第35話 中華街への案内人

 ガッツリシフトに入ったので、龍と会う回数は減ったが、それでもお互いの休みがあえば二人で遊びに行った。一度だけ、レストランにパンクな女と一緒に飯を食いに来たこともあった。ドリンクのオーダーはイタリア語で通すという自己満足なマニュアルがあるので、私が中卒の頭脳をフルに使って、なんとか龍の座った卓番とオーダーを唱えると、


「太郎イタリア語喋れるんや。すげー」と笑った。


 前までは、休みの日に会うとなると、龍と取り巻きも交えて飲みに行くことが多かったが、パンクな女と付き合いだしてから、夜あまり出歩かなくなった龍にあわせて、明るい内にブラブラするようになった。


 龍はギャンブルをやらない。酒にも女にも飽きていた。おまけに私と彼には共通の趣味もない。なので会うと、まずやることを探すところから始まった。

 ある日、「どうする?」という龍に、「楽しそうなヤツに着いて行けば、楽しいところに行くんじゃないか」と提案したことがある。新宿駅で周りを見渡し、ニヤつきながら歩くサラリーマンを見つけて、「あいつだ」ということで意見が一致した。

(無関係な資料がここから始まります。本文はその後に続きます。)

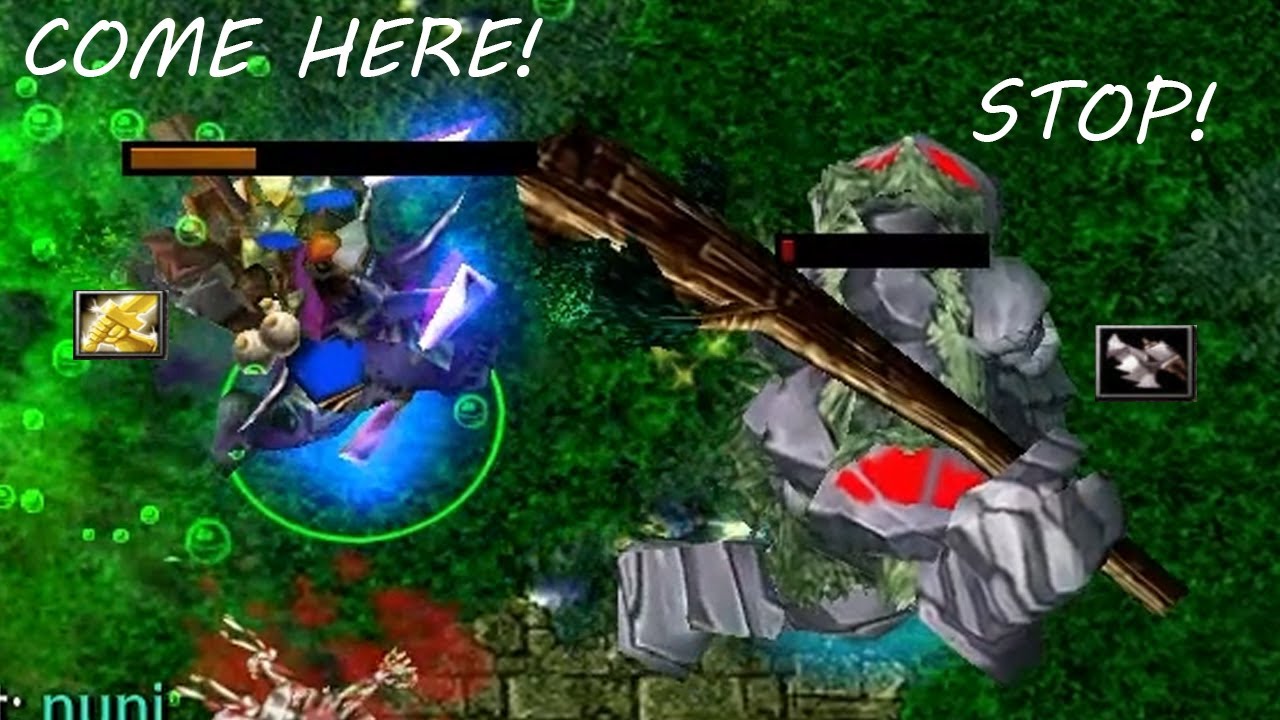 DOTA ALCHEMIST vs TINY: CAN’T WIN THIS... OR CAN WE? (IMPOSSIBLE MISSION)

 凄いもので、ニヤつくサラリーマンは、私と龍のことを横浜中華街へ連れて行ってくれた。

「中華街で一番旨い肉まんを探そう」と龍が言いだし、二人で肉まん縛りで食べ歩くことにした。どういうタイプの仲の良さか分からないが、「肉まんを丸々食べたらすぐに腹が膨れるから、半分に分けて食べよう」という龍の提案にしたがって、ひとつの肉まんを割って二人で食べた。これなら倍の店舗回れるので、一番旨い肉まんにたどり着く可能性は上がるが、傍から見れば私と龍はゲイのカップルに見えたに違いない。


 中華街の肉まんはデカい。コンビニの倍ぐらいある肉まんは、半分ずつに分け合ったところで、三件も回ると腹は十分に膨れた。「正直肉まんはもういいかな」という雰囲気になったが、そこで行列の出来ている店を見つけてしまった。


「こんだけ人が並んでるのだから、ここが一番旨いに違いない」ということになり並んだ店は、冷凍の肉まんを専門に扱う持ち帰りの店だった。龍はせっかく並んだのだからと、パンクにお土産として一箱買った。食べていないが、二人でそこを一番旨い肉まん屋に認定した。


 一番旨い肉まんを見つけるという目的を達成したあとは、買う気のないお土産品の帽子を被って写真を撮り、店員に怒られたりしながら、中華街を冷やかし歩いた。


「休憩がてら、座ってデザートでも食ってから東京に帰るか」ということになり入った店で、どういう分けか、一族で食事が出来そうな広いテーブルに通された。私と龍は対面に座り、回転するテーブルを使い、ごま団子と杏仁豆腐をお互いに譲り合いながら食べた。


 ウェイターの仕事はクソで、ゲストハウスでの生活は快適とはいえなかったが、彼のおかげで、たまにそういう休日を過ごせたので、東京暮らしも悪いもんではなかった。